Jo Walton is probably my favourite book reviewer right now. She's steered me to some old or oldish gems that I missed. Without her review, I would never have read Eva by Peter Dickinson, for example. A review of that is forthcoming when I get back into full-fledged blog-posting. Betcha you can figure out the general tone of it already.
Walton is reviewing at TOR.com right now. Back in March, she wrote this interesting post about the reason you DON'T see negative reviews all that much. I agree with much of what she says. But bluntly, she's nice and I'm not.
I've laced into Janet Evanovich for the drop off in quality in her last two Stephanie Plum books. Last year's Finger-Lickin' Fifteen didn't fare all that well with me. And I love Evanovich.

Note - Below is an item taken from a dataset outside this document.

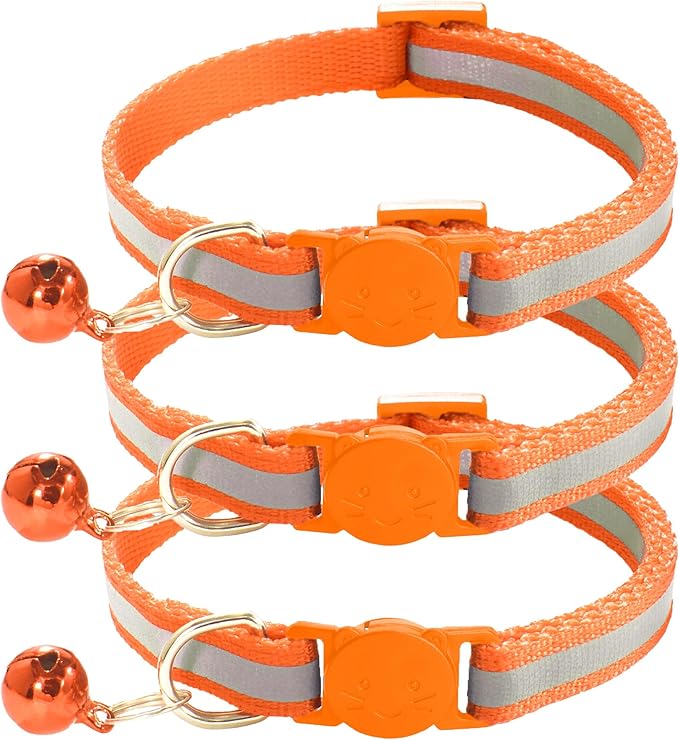 zulinlong 3 Pack Reflective and Breakaway Cat Collars with Bells，Adjustable Kitten Collars from 7.5 to 12.5 Inches, Ideal of Kitten Collar, Suitable for Girls and Boys (Red)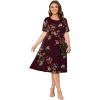 imagePOSESHE Womens Plus Size Summer Dress 2024 Casual Short Sleeve Empire Waist Loose Fit Swing TShirt Dress with PocketsB10wine Red Flower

But let's face it, the last two Plum books have dropped off badly. Guess it's time for Stephanie to make a choice between Joe and Ranger and see what happens next.
I enjoyed Carrie Asai's first Samurai Girl novel and then hated, REALLY, REALLY hated, the rest of the series. I said why here. And yeah, I went to town on the series. I made it to within 20 pages of finishing the fourth of the six books in the series before I came to my senses and stopped wasting my life. I'll never get back the hours wasted reading those 2.9 books and I needed to at least warn off potential readers.
But generally, the idea with a review is to point somebody to something worth their time. Something they might have overlooked. I know that when I read a book after a good review prompted its purchase (usually as a gift to me from somebody else), it's like winning the lottery. A whole new author to explore and enjoy some more. So that's why I usually put the good ones in the reviews I take my time to write. Maybe I can help somebody else.
On the other hand, I reserve the right to say that a book sucks. No namby-pamby pussy-footing around. Sucks big time. Some books just deserve it.
Just like my occasional posting here.